== Task directions ==
Scan the records below for the line containing "Size: 670x800 |" and the line containing "Button Front Coated Bustier". Copy both, plus every line between, exactly.

== Records for the task ==
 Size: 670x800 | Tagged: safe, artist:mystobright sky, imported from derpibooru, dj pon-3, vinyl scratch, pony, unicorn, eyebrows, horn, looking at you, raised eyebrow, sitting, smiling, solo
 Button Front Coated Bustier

* * *

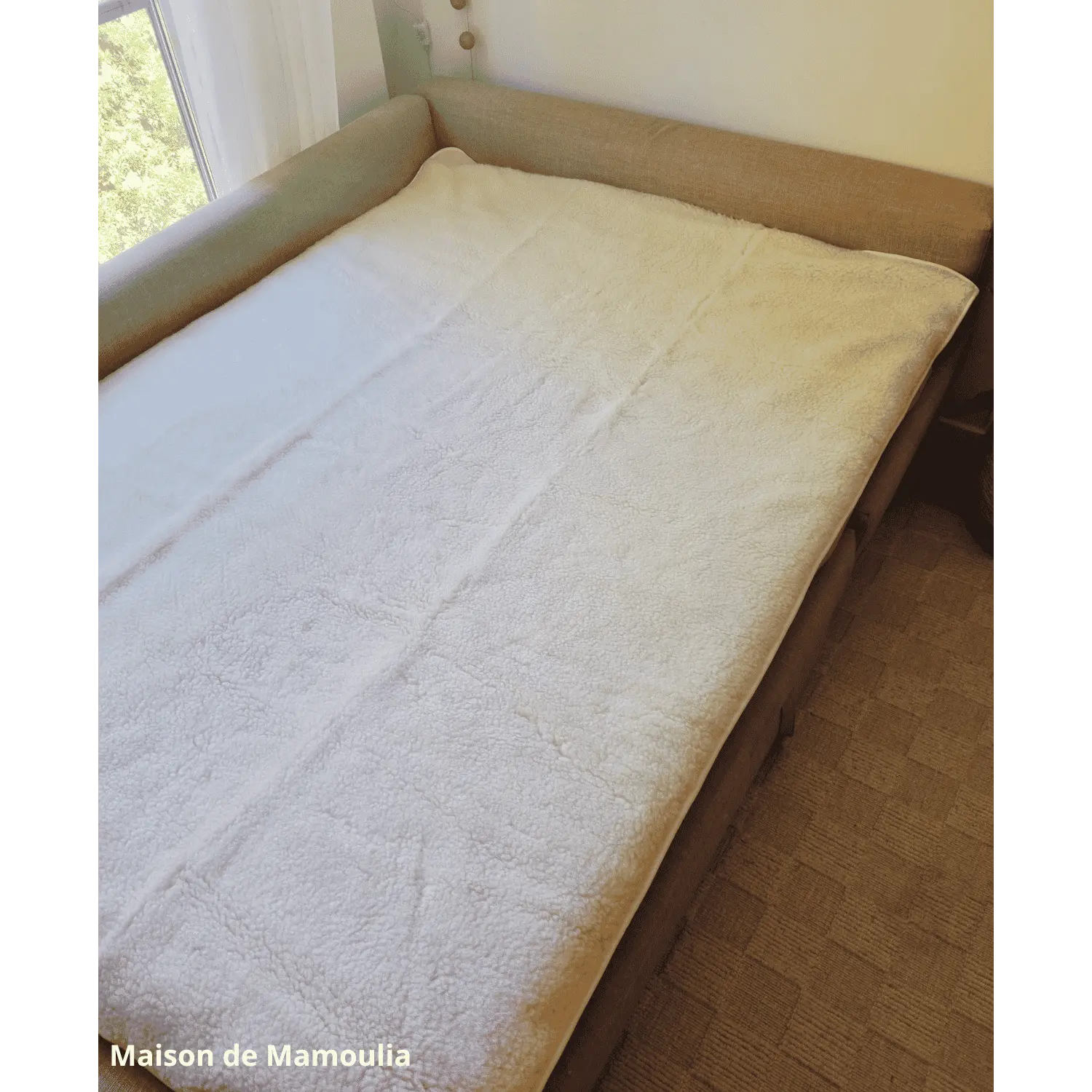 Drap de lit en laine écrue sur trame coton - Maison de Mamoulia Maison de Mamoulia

== Task response ==
 Size: 670x800 | Tagged: safe, artist:mystobright sky, imported from derpibooru, dj pon-3, vinyl scratch, pony, unicorn, eyebrows, horn, looking at you, raised eyebrow, sitting, smiling, solo
 Button Front Coated Bustier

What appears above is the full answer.